Il signor Peter Cushing era celebre per aver partecipato a molte produzioni horror della Hammer nei panni di Van Helsing o Viktor Frankenstein o anche come un ottimo Sherlock Holmes. Il suo tono british di algida indifferenza ai temi della vita e della morte lo resero un perfetto Governatore Tarkin, l’uomo che ordinò il totale annientamento di Alderaan solo perché la base ribelle indicata da Leia era troppo lontana e c’era traffico, il Raccordo è sempre bloccato. Era il 1977 anno in cui Cushing aveva già deciso di non indossare mai gli stivali ed ecco perché in Guerre Stellari non c’è una sua inquadratura dalla testa ai piedi: un Grand Moff dell’impero non poteva certo indossare i mocassini! Così, quando nel 2013 e seguenti, gli eredi designati di Lucas e compagnia decidono di girare Rogue One si rendono conto di non potere fare a meno di Tarkin e -zac! – non ci sono immagini da utilizzare che fossero state tagliate del 1977. La genialata è stata trovare un attore che per altezza e taglio e colore degli occhi ricordasse Cushing e poi appiccicargli sulla testa la faccia digitale e ringiovanita dell’attore inglese. Lo “interpreta” Guy Henry, vi ricorderete di lui come Pius O’Tusoe, capo dell’Ufficio Applicazione della Legge sulla Magia del Ministero della Magia in Harry Potter e i Doni della Morte ed anche per Holby City e una partecipazione a uno Sherlock Holmes per la televisione con protagonista Rupert Everett.

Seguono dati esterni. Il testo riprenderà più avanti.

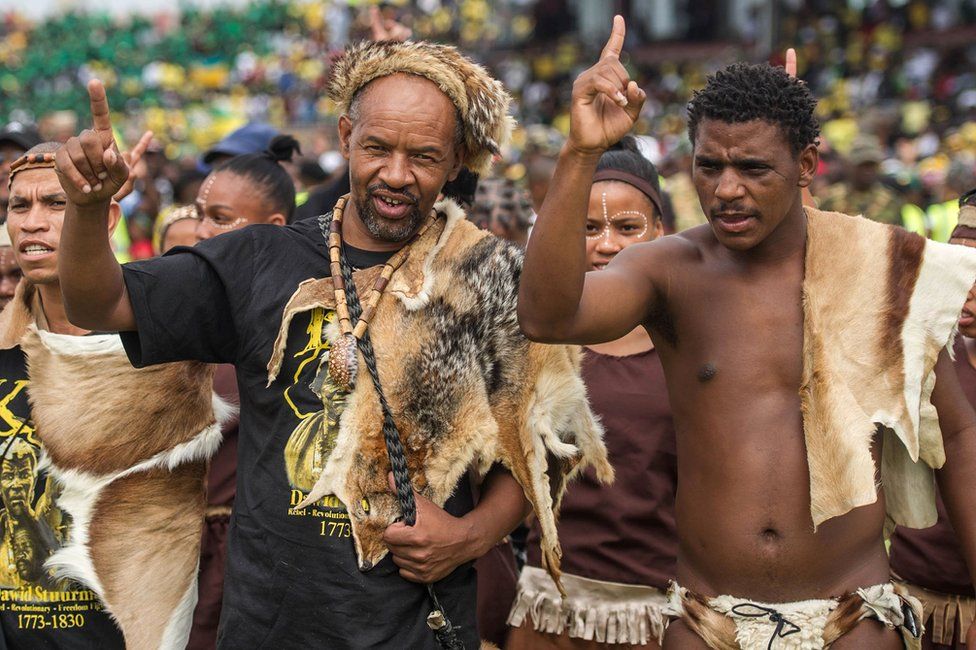 Members of the Khoisan community attend the African National Congress's (ANC) 106th anniversary celebration at Absa Stadium in East London on January 13, 2018. The new head of South Africa's ruling ANC, Cyril Ramaphosa, pledged on January 13, 2018 to "restore the credibility" of the party after a spate of graft scandals involving President Jacob Zuma.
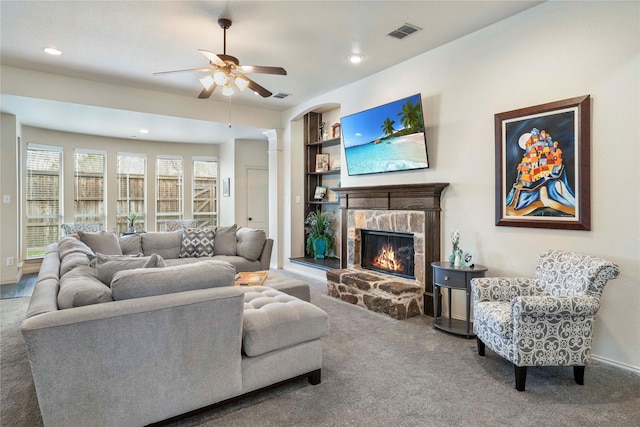 5218 Pueblo Ln, Frisco, TX 75034 - living room with carpet flooring, a fireplace, built in shelves, ceiling fan, and decorative columns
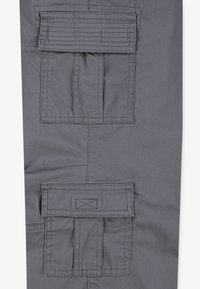Gray fabric with two square cargo pockets, each featuring a flap secured by horizontal stitching and rectangular reinforced seams.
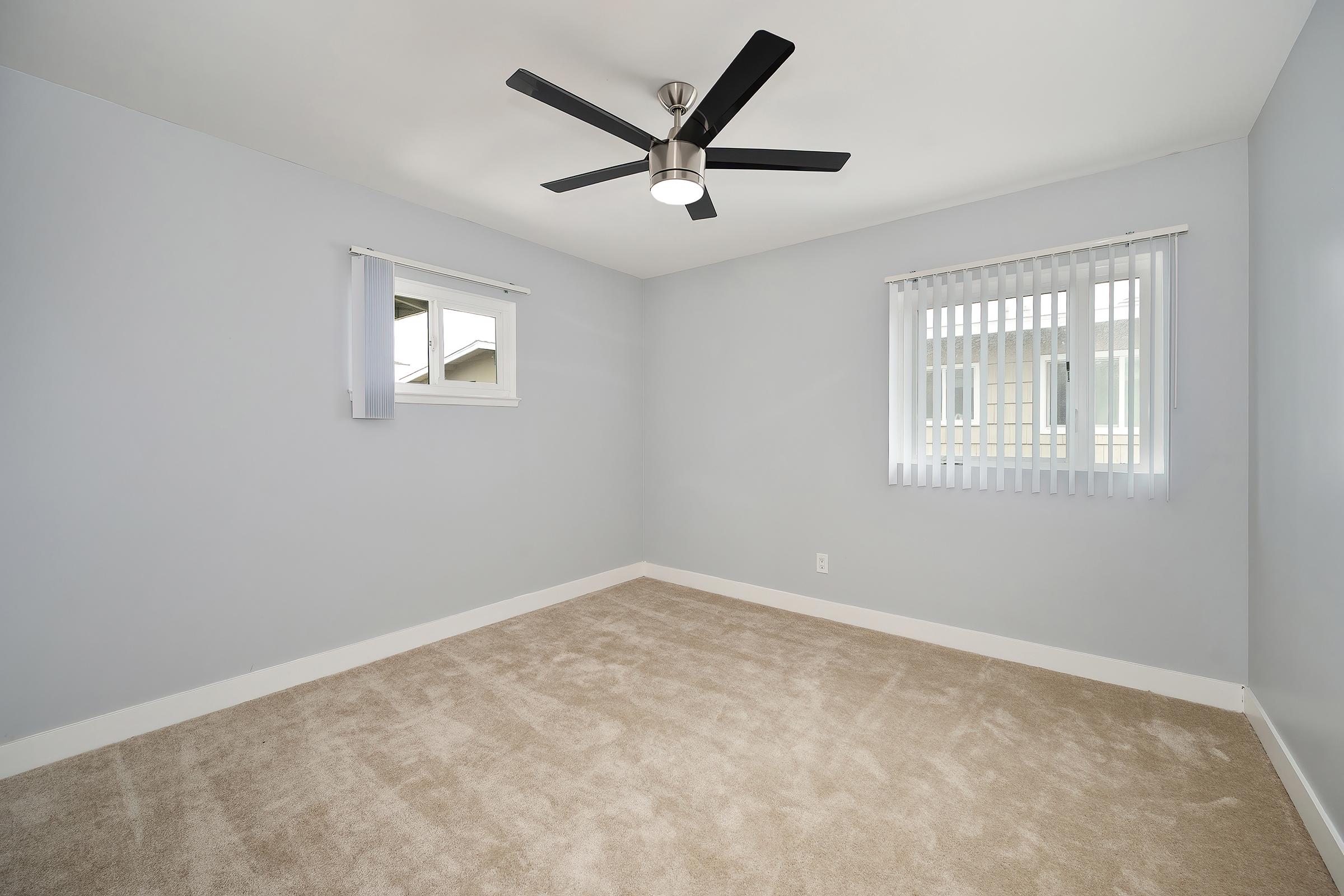 Empty room with light gray walls and a ceiling fan. The floor is carpeted in a light beige color. Two windows allow natural light, one with blinds, the other with curtains. The overall ambiance is clean and modern, creating a spacious feel.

Il risultato è un gommoso Tarkin, certamente più vivo del Jeff Bridges riportato alla gioventù per Tron Legacy. La questione se sia legale non sussiste: negli States c’è una legge apposita e la Disney ha discusso i dettagli della cosa con l’erede di Cushing, la sua segretaria. Sembra poi che molte celebrità stiamo facendo la scansione dei loro volti e corpi per consentire l’utilizzo delle loro prestazioni attoriali anni dopo la loro dipartita.

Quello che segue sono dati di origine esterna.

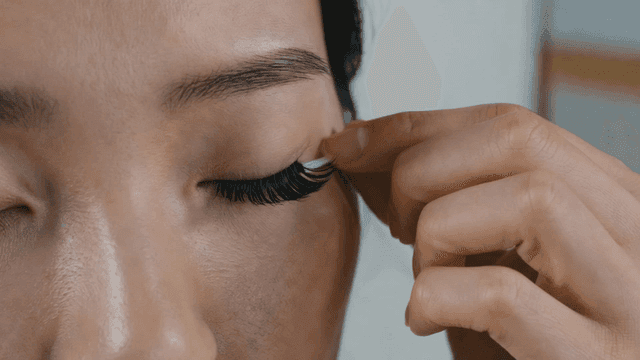 Woman applying artificial eyelashes with precision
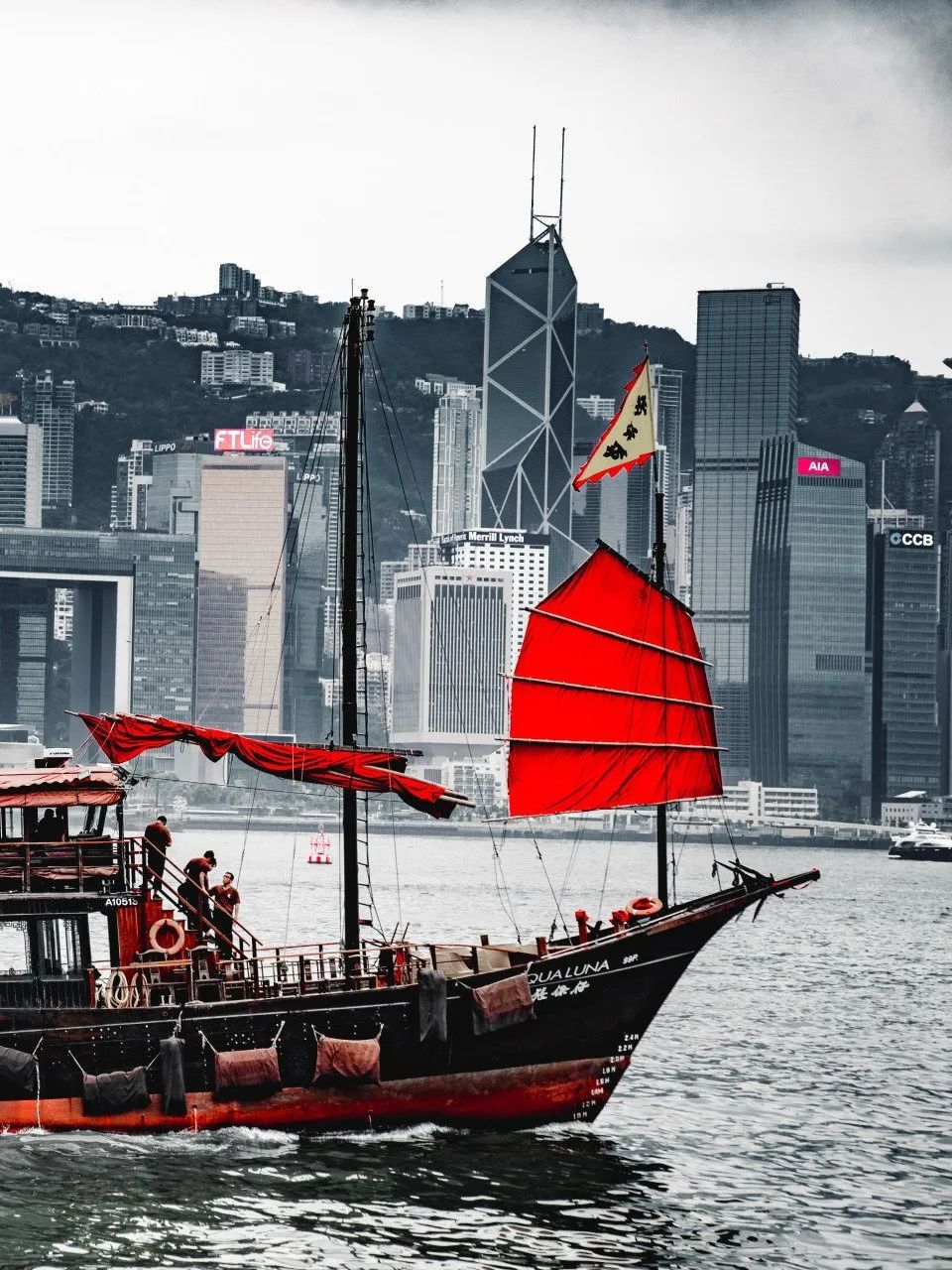 A boat with a red sail is floating in the water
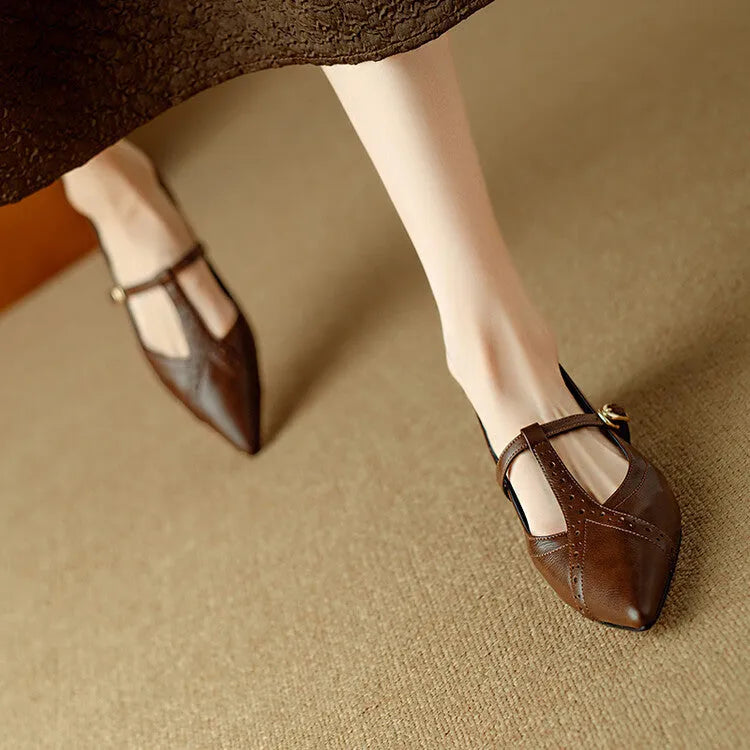 Brown women's cowhide leather casual flat shoes with round toe and low-cut design.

Sono tecniche che si stanno sviluppando velocemente. Di strada ne è stata fatta da quando Robert Zemeckis fece rivivere personalità del passato in Forrest Gump o resuscitò Bogard in una serie tv per HBO, I racconti della cripta. Anche in Zelig ci furono dei tentativi. Più recentemente, Fred Astaire ballò con un aspirapolvere diversi anni dopo essere deceduto e Paul Walker tornò in vita per Fast&Furious 7 dopo essere tragicamente scomparso in un incidente d’auto. In quel caso furono i fratelli Cody e Caleb a fare da stunt, poi effetti speciali e riprese riciclate dai film precedenti.

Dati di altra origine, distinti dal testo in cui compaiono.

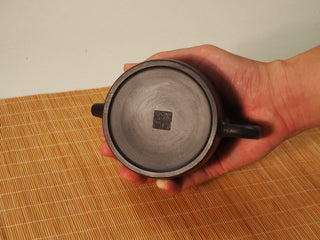 Underside of the Heini Dezhong Yixing teapot held in hand, showing the square maker's seal stamp at the center
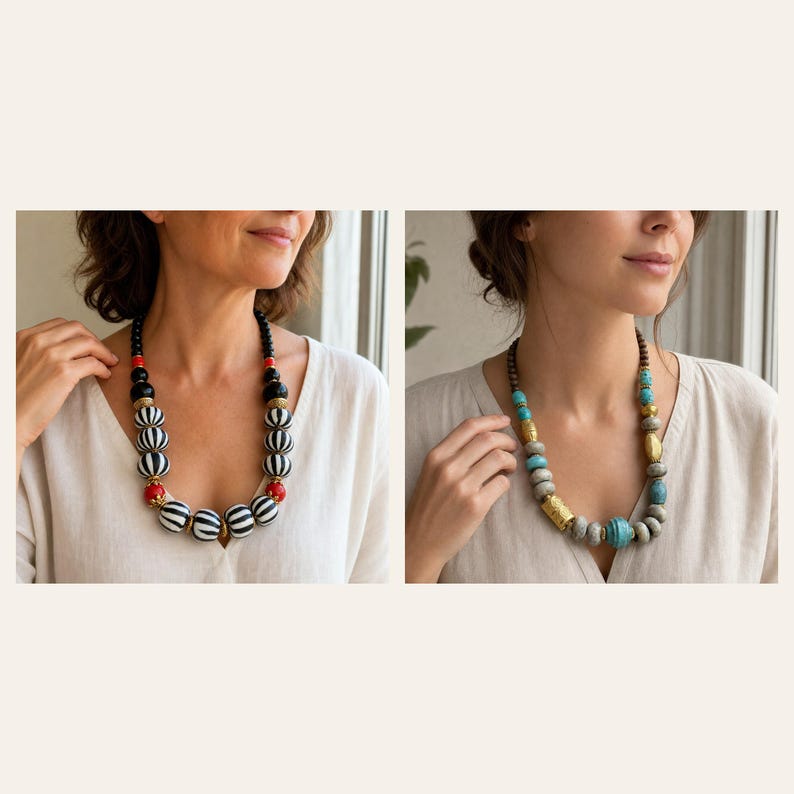 May include: A statement necklace featuring large, round, black and white striped beads accented with smaller red spheres and gold-toned spacers. Beside it, a second necklace displays textured grey, turquoise, and metallic gold-toned cylindrical beads.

Ci fu poi il caso Oliver Reed. L’attore morì improvvisamente durante le riprese de Il Gladiatore. Per completare le scene previste per Reed venne usato del materiale girato durante le prove del film «per creare una maschera digitale che fu aggiunta sul corpo di una controfigura». Due minuti di riprese costarono circa 3,2 milioni di dollari. Anche ne I Soprano ci fu una resurrezione, il tempo necessario per far scomparire dalla serie il personaggio della madre di Tony, Livia, interpretata da Nancy Marchand, dopo che la stessa era morta per una grave forma di enfisema, anche lei con una testa appiccicata digitalmente sulle spalle di un’attrice che faceva da modello.
Poi, a volte, sceneggiatori e staff creativo cercano di spremersi le meningi per cinque minuti, far fare ginnastica ai neuroni e inventarsi qualcosa. Accadde per l’ultimo capitolo di Hunger Games, quando Philip Seymour Hoffman morì prima di completare il girato o con Heath Ledger, scomparso prima di riuscire a terminare il suo lavoro con Terry Gilliam per Parnassus. Ne è valsa la pena? Mah.